When the herd loses its way, the shepard must kill the bull that leads them astray.

curl-6 said:

This.

One of Nintendo's biggest problems at the moment is that like 95% of their output is E-rated cartoon fare.

Most gamers today demand more than that. Nintendo needs to make their own equivalents to stuff like Uncharted, The Last of Us, Gears of War, etc.

Ehhhh...

This is now really accurate to what the thread is asking. Like everything you said is true, but that's not what the thread is asking. You're talking about new franchises, and the thread is talking about existing ones.

Unless you're saying that their existing franchises need to be like Uncharted, The Last of Us, Gears of War, etc.

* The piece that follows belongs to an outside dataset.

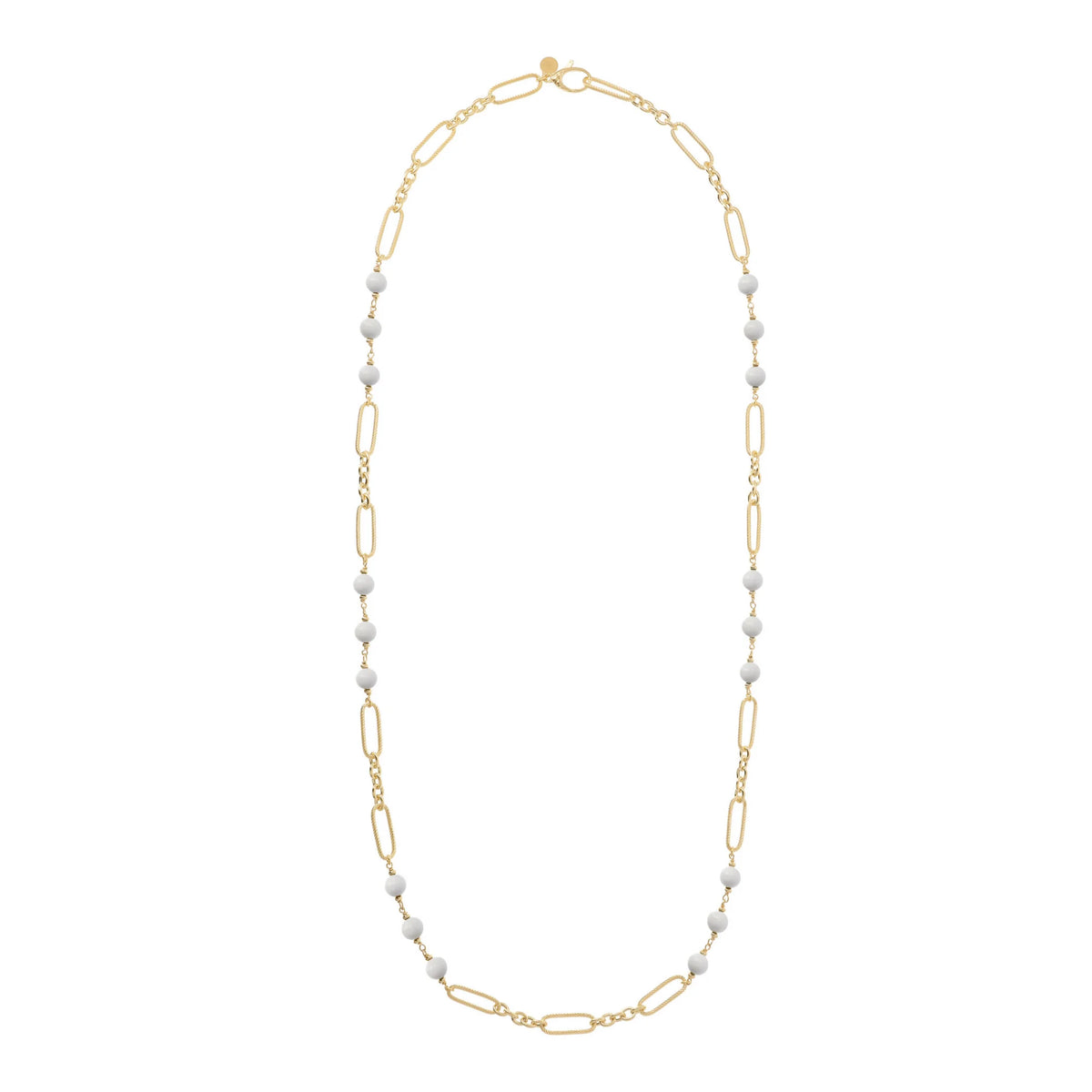 Long Necklace with Selected Natural Gemstones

Then that's obviously wrong, but I don't think you are.

Adding those new western franchises won't do anything for their existing IP. The problem with their existing IP is that Nintendo is heinously fucking cheap with them. If Nintendo treated a Pokemon release the way Rockstar treated GTA V, Pokemon would easily do those kinds of numbers, but they don't. If Nintendo treated Zelda the way Disney treated Frozen, it could easily sell Fallout 4 numbers, but they don't and likely won't with Zelda U. Nintendo are so goddamn cheap when it comes to the production of their franchises, and it comes through in the end product.

When Disney localized Ghibli movies, they'd hire top tier actors and writers. When making Other M, they had Sakomoto write the script and hired a no-name. Nintendo should be doing what Disney is doing. They're Nin-fucking-tendo. Nintendo is supposed to be the Disney of gaming, but it's so frustrating the ways in which they don't act like it. I thought Galaxy was a push in the right direction, and then Galaxy 2 proved me wrong. I'd love to believe that Nintendo is gearing Retro up to make Nintendo's Uncharted, but you know why I know that'll never happen? Nintendo's to fucking cheap to do it. You know why Nintendo won't do what Square did and buy a 3rd party studio/collection of IP up to make up for their gap in market appeal? Because they're too fucking cheap to. Disney bought Marvel and prospered. You know why Nintendo won't buy Capcom and do the same when they could and should? Because they will never spend the kind of money necessary to make that purchase worthwhile. Not just the acquisition, but actually funding the games afterwards in a big, AAA way.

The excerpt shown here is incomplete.